__Problem description__
From the first line to the last, copy the listing exactly and omit the pictures.

__Supplied information__
- Opening Delimiter -

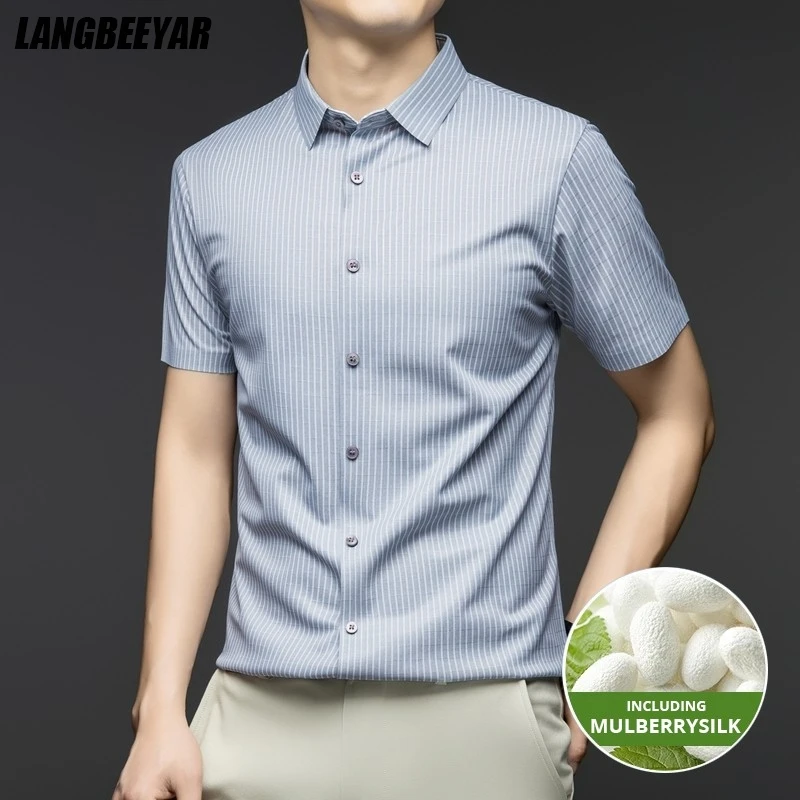 High End 1.4% Mulberry Silk Anti-wrinkle New Summer Brand Shirt Men Stripe Slim Short Sleeve Casual Fashion Mens Clothing 2025
High End 1.4% Mulberry Silk Anti-wrinkle New Summer Brand Shirt Men Stripe Slim Short Sleeve Casual Fashion Mens Clothing 2025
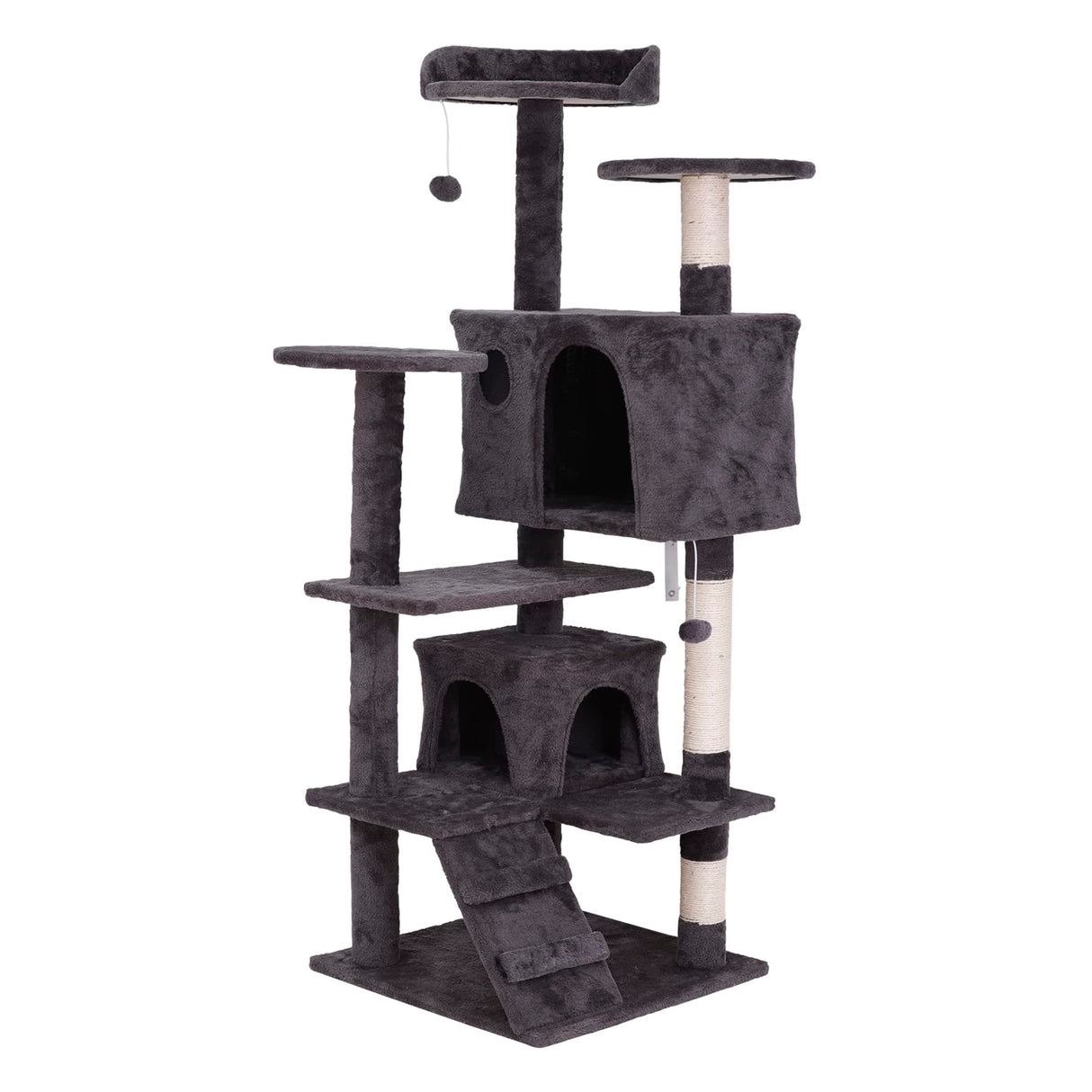 54 Inch Cat Tree, Indoor Cat Tower Condo, Multi-Level Cat House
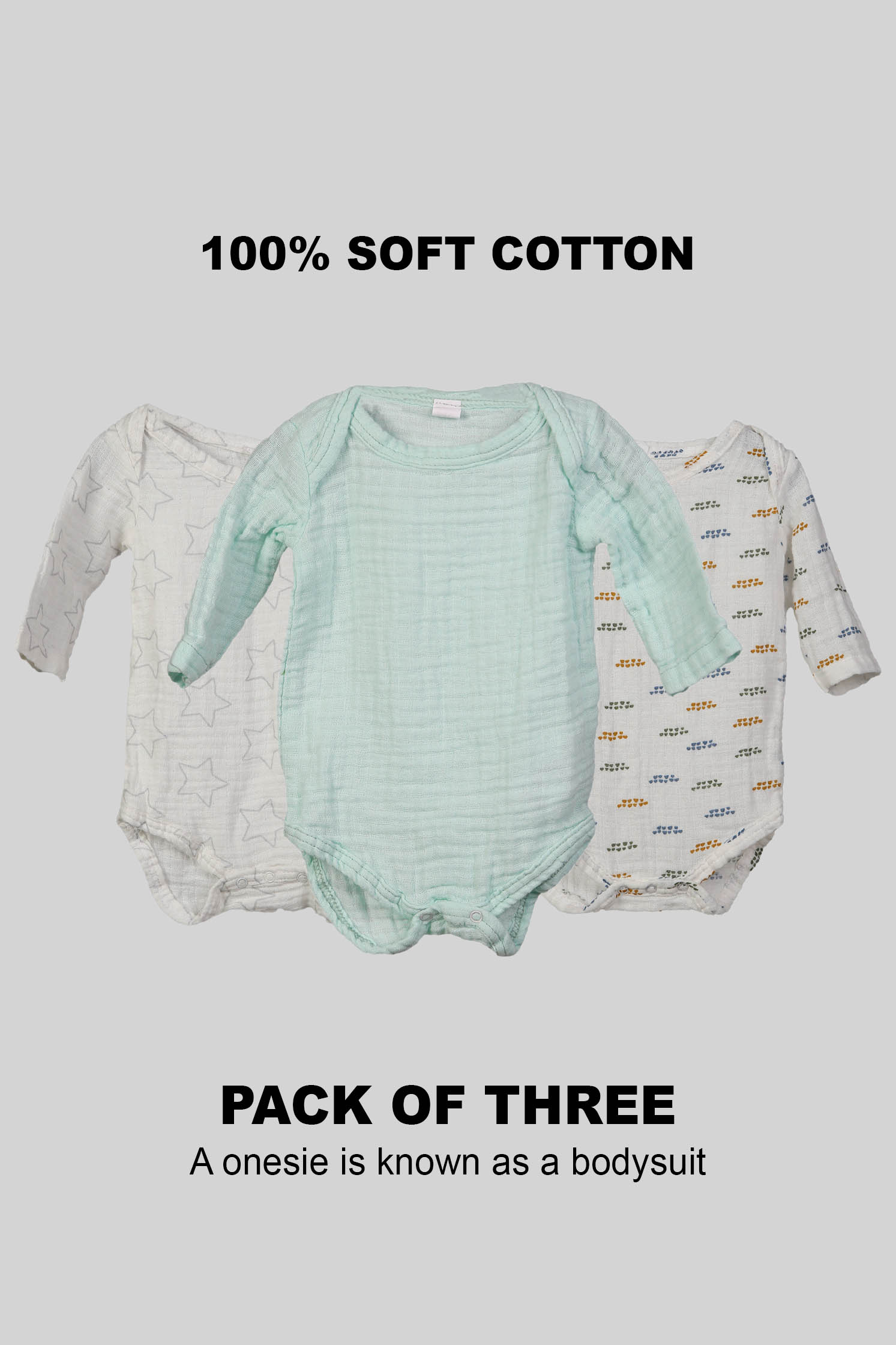 100% SOFT COTTON UNISEX ONESIE (PACK OF 3)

- Closing Delimiter -

__Completed task__
 High End 1.4% Mulberry Silk Anti-wrinkle New Summer Brand Shirt Men Stripe Slim Short Sleeve Casual Fashion Mens Clothing 2025
High End 1.4% Mulberry Silk Anti-wrinkle New Summer Brand Shirt Men Stripe Slim Short Sleeve Casual Fashion Mens Clothing 2025
 54 Inch Cat Tree, Indoor Cat Tower Condo, Multi-Level Cat House
 100% SOFT COTTON UNISEX ONESIE (PACK OF 3)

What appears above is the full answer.